WORK INSTRUCTION: The copy you return should hold every record below word for word and no images.

THE INPUT:
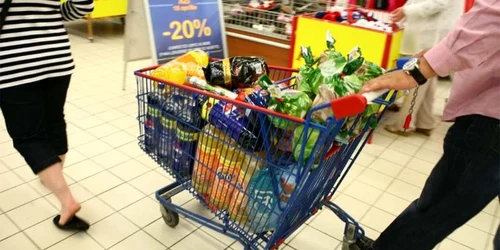 Și-a uitat banii în coșul de cumpărături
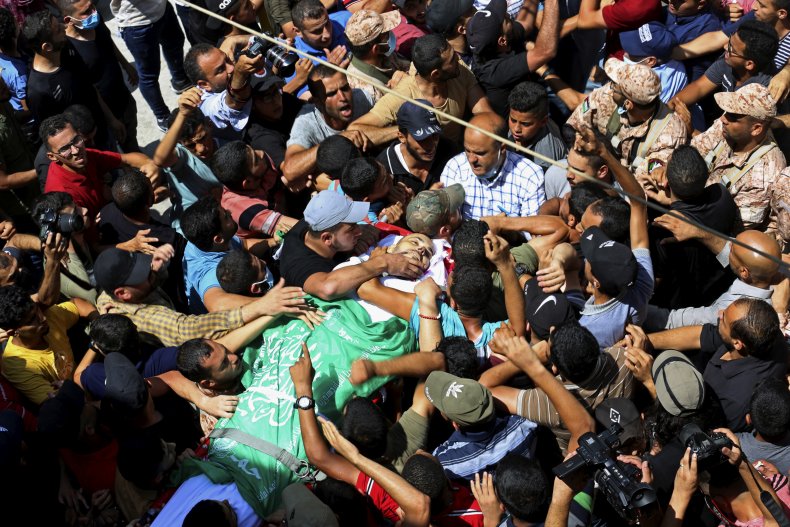 Israeli Military Uses Tear Gas, Live Fire to Disburse
Palestinian Protests Near Border 2 Palestinians Mourn Man Killed During Protests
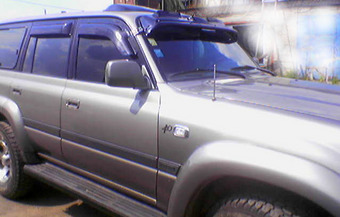 1997 Toyota Land Cruiser Pictures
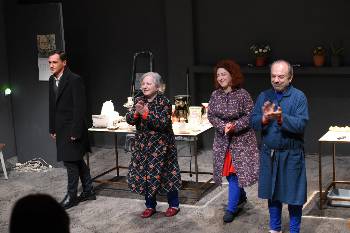Ενα θερμό χειροκρότημα...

SOLVED EXERCISE:
 Și-a uitat banii în coșul de cumpărături
 Israeli Military Uses Tear Gas, Live Fire to Disburse
Palestinian Protests Near Border 2 Palestinians Mourn Man Killed During Protests
 1997 Toyota Land Cruiser Pictures
Ενα θερμό χειροκρότημα...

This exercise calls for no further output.